I don't think it was switched off for any attempt to change people's perceptions of the music, more the way that they viewed and used the forum. As you can see in the, frankly rather embarrasing, welcome back thread, there is a lot of negativity against those that run the site.
 

urbanite

subnoto
I don't think it was switched off for any attempt to change people's perceptions of the music, more the way that they viewed and used the forum. As you can see in the, frankly rather embarrasing, welcome back thread, there is a lot of negativity against those that run the site.

Fair enough... I guess I got the wrong idea from all the threads discussing the issue... not that there is much of one by now... Then again on a forum of a certain size there will always be those who do not value or are negative about the people running it and having a little 3 day reminder of how precious this place is to everyone every year is really going to be a bit much IMHO.
 

Slothrop

Tight but Polite
The way they dealt with it was to switch off the board for 3 days and hope that all the people who don't like or understand the working conception of "140BPM with bass" either go away or suck it up and accept it. Then again it's an entirely pointless exercise trying to tell them what to do with the forum. It's jut I think forcing someone to change their mind or conception by using some sort of force is more likely to produce counterproductive results.
I don't agree with everything the DSF moderating people do (to put it mildly) and I don't really see what shutting it down for three days acheived. And a lot of the talk there isn't exactly penetrating psycho-social critique.

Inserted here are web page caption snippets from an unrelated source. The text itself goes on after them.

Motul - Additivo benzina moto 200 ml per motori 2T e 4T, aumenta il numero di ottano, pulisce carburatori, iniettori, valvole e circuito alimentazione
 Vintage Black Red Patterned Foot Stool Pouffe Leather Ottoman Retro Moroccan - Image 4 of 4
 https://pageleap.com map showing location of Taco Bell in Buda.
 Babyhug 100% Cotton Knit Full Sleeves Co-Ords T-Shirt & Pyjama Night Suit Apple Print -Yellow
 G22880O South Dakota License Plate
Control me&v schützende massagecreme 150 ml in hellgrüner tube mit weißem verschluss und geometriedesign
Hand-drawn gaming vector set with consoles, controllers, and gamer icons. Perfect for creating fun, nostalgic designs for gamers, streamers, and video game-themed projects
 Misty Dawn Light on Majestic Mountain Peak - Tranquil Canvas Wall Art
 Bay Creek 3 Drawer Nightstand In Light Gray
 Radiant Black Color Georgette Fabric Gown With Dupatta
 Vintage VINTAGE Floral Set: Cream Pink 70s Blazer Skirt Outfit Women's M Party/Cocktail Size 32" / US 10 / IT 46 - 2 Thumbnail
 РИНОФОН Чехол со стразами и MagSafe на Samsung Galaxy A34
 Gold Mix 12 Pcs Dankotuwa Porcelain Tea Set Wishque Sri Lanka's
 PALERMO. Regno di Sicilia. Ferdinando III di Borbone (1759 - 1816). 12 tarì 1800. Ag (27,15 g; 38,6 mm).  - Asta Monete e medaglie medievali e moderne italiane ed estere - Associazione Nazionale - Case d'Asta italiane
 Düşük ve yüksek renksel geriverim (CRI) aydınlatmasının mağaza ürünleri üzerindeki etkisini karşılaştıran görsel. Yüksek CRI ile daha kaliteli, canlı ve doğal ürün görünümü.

But to some extent it's a board where noobs go because they've got the Rusko Fabric CD and want to know what this dubstep thing is all about (and get a bunch of Mala freaks telling them to listen to speed garage and Hyperdub), and where everyone else goes because they want to find out what's on in London this weekend and skim the main board in case anything interesting is going on and where some people go to chat breeze because it's another place on the internet to chat breeze, and maybe share some enthusiasm about music. It's another music messageboard, and it's maybe more like a better version of Dogs On Acid than a shit version of Dissensus...
 

SysEx

Member
But to some extent it's a board where noobs go because they've got the Rusko Fabric CD and want to know what this dubstep thing is all about (and get a bunch of Mala freaks telling them to listen to speed garage and Hyperdub), and where everyone else goes because they want to find out what's on in London this weekend and skim the main board in case anything interesting is going on and where some people go to chat breeze because it's another place on the internet to chat breeze, and maybe share some enthusiasm about music. It's another music messageboard, and it's maybe more like a better version of Dogs On Acid than a shit version of Dissensus...


I could not say it better. I joined both this board and the dsf at around the same time. I come here mostly for the serious music chat. I really value what this forum has to offer for opinions. Ya'll too smart for your own good. :p
 

subframe

lopsided
<--- dsf member #21 :p

I hadn't been over there for ages when they shut it down. I thought it was hilarious and brilliant. I suppose 3 days was just the right amount of time, although I personally would have held out a bit longer.
 

Shonx

Shallow House
I think the breeze chatting at DOA is often superior, and the production forum's infinitely better. Pity I don't give a shit about most contemporary dnb either.